Sparks of Joy and Awe: Asia
One brief shining: The colorful ceremony of the changing of the guards at Gyeongbokgung palace preceded my unfortunate discovery that I had spinal stenosis; walking across the cobblestones and up steps into the palace buildings, a pain began to take shape, to flare over my lower right back, becoming so fierce that I hobbled, then sat down, willing to stay in that spot except the car was not in the palace but far, far away in the parking lot.
Asia. Long now my focus. Brother and sister living in Southeast Asia for many years. Mary in Malaysia and Singapore, Mark in Bangkok. My son from the subcontinent. His wife from Korea. The Asian art at the Minneapolis Institute of Arts. Reading Chinese, Japanese, Korean fiction. K-dramas.
Funny this Asian pivot. When I married Kate, of blessed memory, we honeymooned from Italy to Austria, Austria to France, France to England, England to Scotland. Seeing the great sites. The Colosseum. The Vatican. The Sistine Chapel. Pompeii. Venice. Florence and the Uffizi. The Vienna Opera and the Ringstrasse, Salzburg. The Louvre. Small cafes. London. Bath. Edinburgh. Inverness. All European, Britain. Not even Scandinavia.
In the thirty plus years since then, I returned only once, in 1995, to stay in the residential library of Hawarden, Wales. I did write my novels from within the Celtic mythic universe, yet I was even then beginning to spend time with the teaware and bronzes, the Song dynasty ceramics, the mandalas and Buddha’s of the MIA’s Asian collection. Well before that Mary had moved to Kuala Lumpur, then Singapore and Mark taught in Bangkok.
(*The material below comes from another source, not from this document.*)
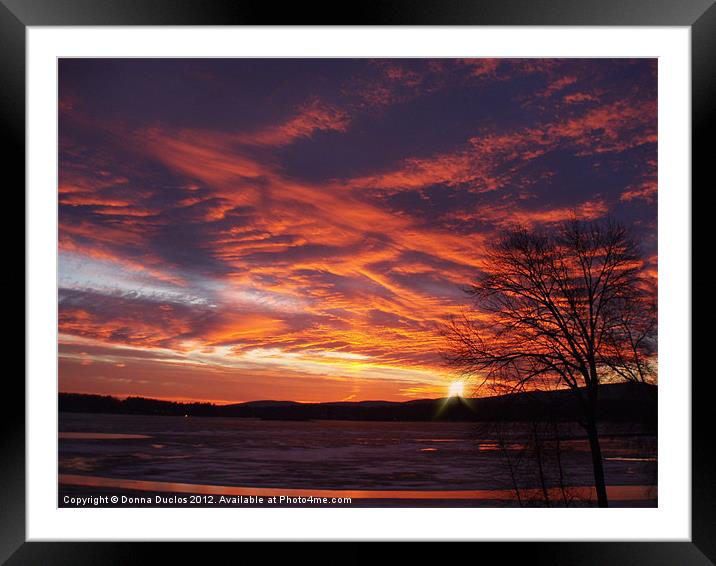 Winter Sunset Framed Mounted Print by Donna Duclos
And that Asian kid grew up in my house, in my life and heart. He then married Seoah, a native of Korea. Kate, my son, and I flew to Beijing in 1998 or 1999. That was my first time in Asia. After Dad died, I used some of my inheritance to visit Mary in Singapore, see Bangkok, then Angkor Wat in Cambodia. In 2016 Kate and I went to Korea for my son and Seoah’s wedding, then onto Singapore where Mary graciously housed us in the largest hotel suite (the only hotel suite) in which we ever stayed. Last year I flew to Incheon, then stayed in Songtan for five weeks with my son and Seoah. Europe has faded from my awareness as a destination, a place I yearn to go.
I didn’t mention several trips with Kate to Hawai’i, then even more trips there to see my son and Seoah after Kate’s death. Hawai’i, especially Oahu, has a definite Asian inflection.
Here’s the thing. Obama declared an Asian pivot in our foreign policy and my son’s career has reflected it, but as a nation we know little of Asia. Did you have ever take a class, even have a lesson on Chinese history, Indian history? Outside of Mao and possibly Xi Jingping, maybe Kim Jong Un can you name three other significant Asian leaders. Make it even harder. Asian leaders, any nation, from history? Do you know any works of fiction written by Asian authors? Have you been in any Asian country?
I know a few of you who read this will answer yes to some or all of these questions, but you are in the minority. This glaring gap in our base knowledge is not our fault. Asia simply didn’t show up in our curriculum at the public school level. Except as exotic enemies. Anti-Asian racism began for us with the Chinese who came to build the railroads and the Japanese bombing of Pearl Harbor. Beyond that, we know little of Asians in our own history.
Why is all this important? Mostly because these cultures are so rich, have figured out ways to be human that have not occurred to us. Also, of course, because Asia especially India, China, Japan, and Korea have begun asserting themselves in contemporary geopolitics. If you haven’t, take some time to learn. You’ll find Asia fascinating.